Low-carbon refining: insane in the membrane?

Almost 1% of global CO2 comes from distillation to separate crude oil fractions at refineries. An alternative is to separate these fractions using precisely engineered polymer membranes, eliminating 50-80% of the costs and 97% of the CO2. We reviewed 1,000 patents, including a major breakthrough in 2020, which takes the technology to TRL5. Refinery membranes also comprise the bottom of the hydrogen cost curve. This 14-page note presents the opportunity and leading companies.

The CO2 intensity of refining and the need for economic decarbonization of the sector are quantified on pages 2-4. The discussion focuses upon the CO2 intensity of distillation, including the thermodynamics and costs.

The opportunity to use membranes in lieu of conventional distillation is presented on pages 5-6. We draw on economic models to present respective costs and CO2 intensities of membrane processes.

Hence we screened 1,000 patents to identify leading companies exploring refinery membranes.
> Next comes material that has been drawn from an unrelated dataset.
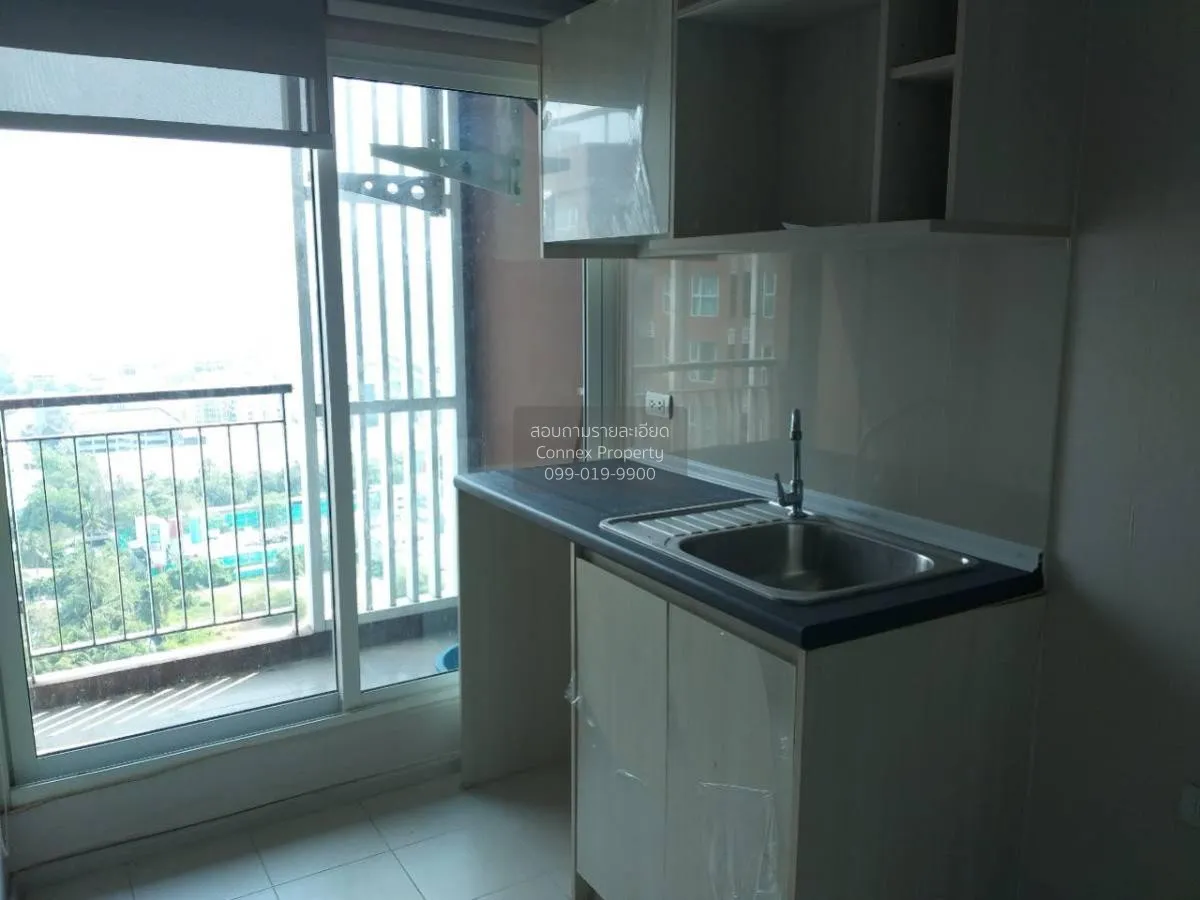 For Sale Condo , Aspire Rattanathibet , MRT-Yaek Nonthaburi 1 , B 3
The findings are presented on pages 7-8. There are three key reasons why the technology has been slow to gain traction.

The most active patent filer in refinery membranes is profiled on page 9, a publicly listed conglomerate with headquarters in the US.
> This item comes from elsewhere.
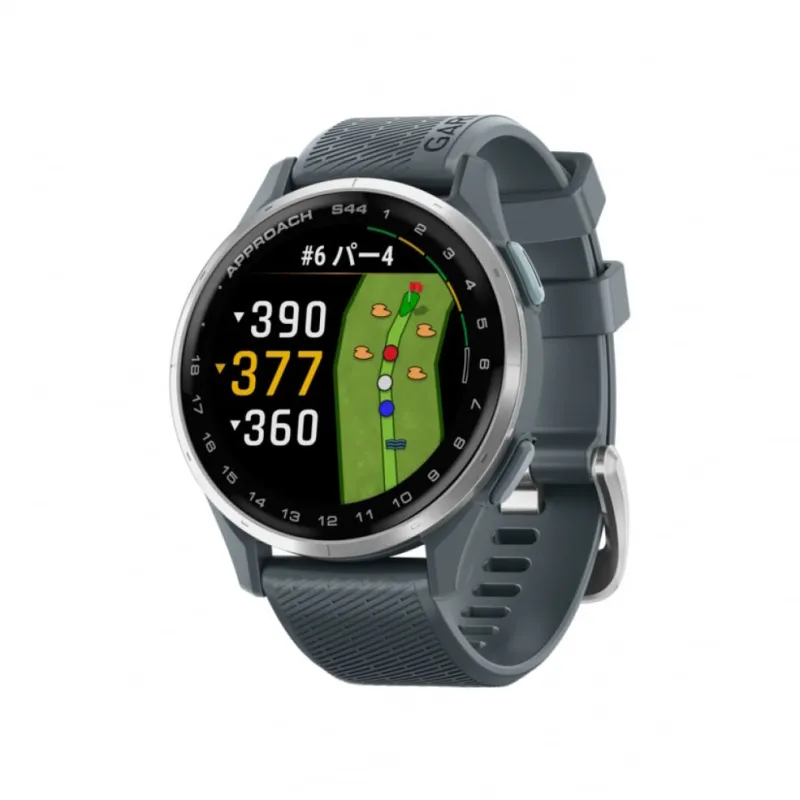 距離計 ガーミン アプローチ S44 Approach S44 ゴルフ 距離測定器 距離計 GPS ナビ みちびき GARMIN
ExxonMobil has made a breakthrough in 2020, deriving permeate streams from a synthetic polymer membrane that resemble the output from a distillation column. We have reviewed the technical disclosures on pages 10-13, highlighting the commercial opportunity and remaining challenges.

Membranes can also unlock the lowest cost hydrogen in the world, recovering hydrogen that is currently wasted or purged in the effluent streams from refinery units. An industry leading example of this technology is explored on page 14.

Ramp Renewables? Portfolio Perspectives.

It is often said that Oil Majors should become Energy Majors by transitioning to renewables. But what is the best balance based on portfolio theory? Our 7-page note answers this question, by constructing a mean-variance optimisation model. We find a c0-20% weighting to renewables maximises risk-adjusted returns. The best balance is 5-13%. But beyond a c35% allocation, both returns and risk-adjusted returns decline rapidly.

Pages 2-3 outline our methodology for assessing the optimal risk-adjusted returns of a Major energy company’s portfolio, including the risk, return and correlations of traditional investment options: upstream, downstream and chemicals.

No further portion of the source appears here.